Golden Star Announces Pricing of $125 Million Convertible Senior Unsecured Debentures



    DENVER, October 24 /CNW/ - Golden Star Resources Ltd. (AMEX:   GSS)(TSX:
GSC) ("Golden Star") today announced the pricing of its offering of US$125
million Convertible Senior Unsecured Debentures due November 30, 2012 (the
"Debentures"), which are anticipated to be sold, subject to market and other
conditions, to qualified institutional buyers in the United States, with sales
in the U.S. being made in reliance on Rule 144A of the U.S. Securities Act of
1933, as amended (the "Securities Act"), and on a private placement basis in
Canada to accredited investors and in reliance on Regulation S under the
Securities Act. The sale of the Debentures is expected to close on or about
November 8, 2007, subject to the satisfaction of certain closing conditions
and any necessary regulatory approvals.

    The Debentures are being offered and sold at their stated principal
amount (US$1,000 per Debenture) and will bear interest at a rate of 4.0% per
annum, payable semi-annually in arrears on May 31 and November 30 of each
year, beginning May 31, 2008 and continuing until maturity. Each Debenture is,
subject to certain limitations, convertible into Golden Star common shares at
a conversion rate of 200.0 shares per US$1,000 principal amount of notes
(equal to an initial conversion price of approximately US$5.00 per share), or
approximately 31% above the closing price of Golden Star's common shares on
the AMEX on October 23, 2007, subject to adjustment in certain circumstances.
The Debentures are not redeemable at the option of Golden Star.

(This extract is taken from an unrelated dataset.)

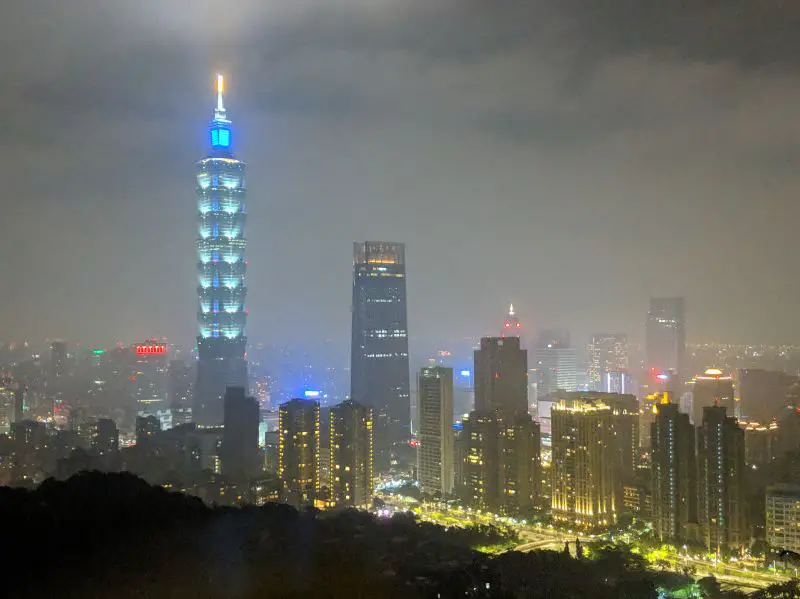 View of Taipei's skyscrapers and Taipei 101 Building illuminating a blue and aqua color at night time from Elephant Mountain Trail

    On maturity, Golden Star may, at its option, satisfy its repayment
obligation by paying the principal amount of the Debentures in cash or,
subject to certain limitations, by issuing that number of its common shares
obtained by dividing the principal amount of the Debentures outstanding by 95%
of the weighted average trading price of its common shares on the American
Stock Exchange for the 20 consecutive trading days ending five trading days
preceding the maturity date (the "Market Price"). If Golden Star elects to
repay the principal amount of the Debentures at maturity by issuing common
shares, but is limited under the terms of the Debentures from issuing a number
of common shares sufficient to fully repay the Debentures outstanding at
maturity, it will pay the balance owing in cash, based on the difference
between the principal amount of the Debentures outstanding and the value of
the common shares (based on the Market Price) delivered in repayment of the
Debentures, if any.

    Upon the occurrence of certain change in control transactions, holders
may require Golden Star to purchase the Debentures for cash at a price equal
to 101% of the principal amount plus accrued and unpaid interest. If 10% or
more of the fair market value of any such change in control transaction
consists of cash, the holders may convert their Debentures and receive a
number of additional common shares (determined by reference to the date of the
conversion and the market price of Golden Star's common shares) in addition to
the common shares otherwise issuable upon conversion.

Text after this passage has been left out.